[What you should do]: Transcribe every line below exactly; no image goes into the output.

___ Recorded data

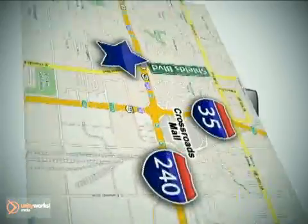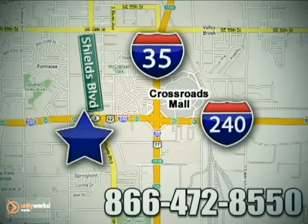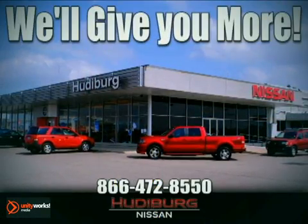Call or stop in today. We are conveniently located one block west of I-35 on I-240 in Shields in Oklahoma City. Remember, you can count on Hudeburg. We'll give you more.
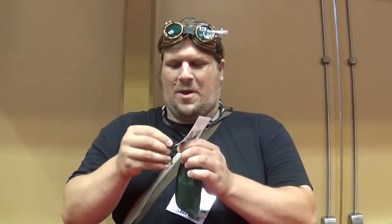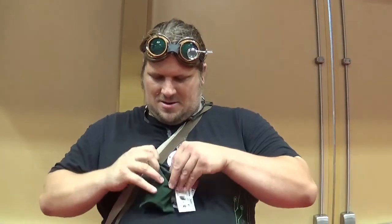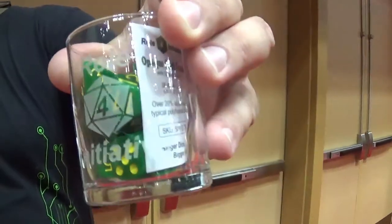It feels kind of cylindrical and glass, and maybe hollow in the middle. So what we have here is the Roll4 Initiative glass and a set die.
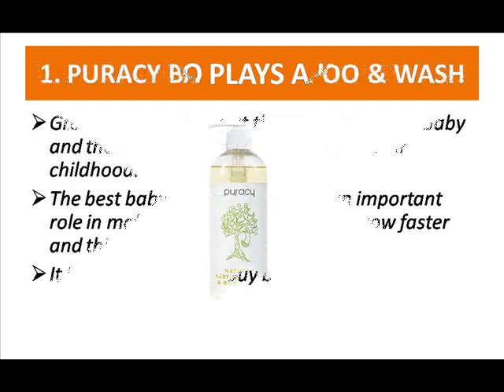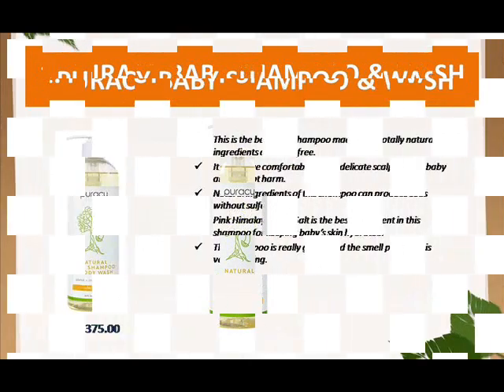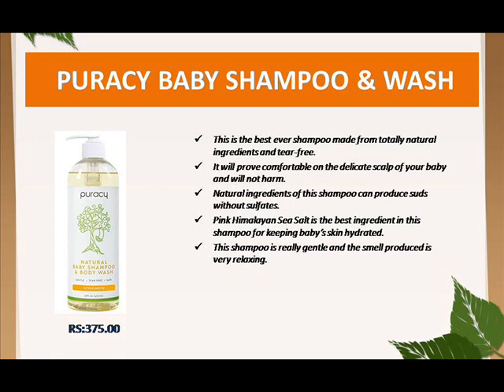The first shampoo is Puracy Baby Shampoo, made with natural ingredients including Pink Himalayan Sea Salt, which is very good for keeping baby's scalp hydrated. It is very gentle and the smell is very relaxing. This shampoo promotes fast hair growth and good hair density. There are no parabens, sulfates, or minerals added. The price is very reasonable — 200 ml for 375 rupees.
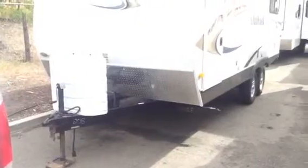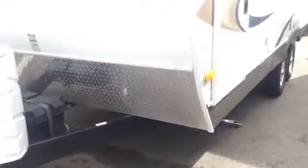Hi Ashley, it's Lauren at Kelowna RVs. I just wanted to send you over a video on this Outback that we were talking about. I know you're familiar with the floor plan, but I just wanted to give you an idea of its overall general condition.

______

[Final answer]:
Call or stop in today. We are conveniently located one block west of I-35 on I-240 in Shields in Oklahoma City. Remember, you can count on Hudeburg. We'll give you more.
It feels kind of cylindrical and glass, and maybe hollow in the middle. So what we have here is the Roll4 Initiative glass and a set die.
The first shampoo is Puracy Baby Shampoo, made with natural ingredients including Pink Himalayan Sea Salt, which is very good for keeping baby's scalp hydrated. It is very gentle and the smell is very relaxing. This shampoo promotes fast hair growth and good hair density. There are no parabens, sulfates, or minerals added. The price is very reasonable — 200 ml for 375 rupees.
Hi Ashley, it's Lauren at Kelowna RVs. I just wanted to send you over a video on this Outback that we were talking about. I know you're familiar with the floor plan, but I just wanted to give you an idea of its overall general condition.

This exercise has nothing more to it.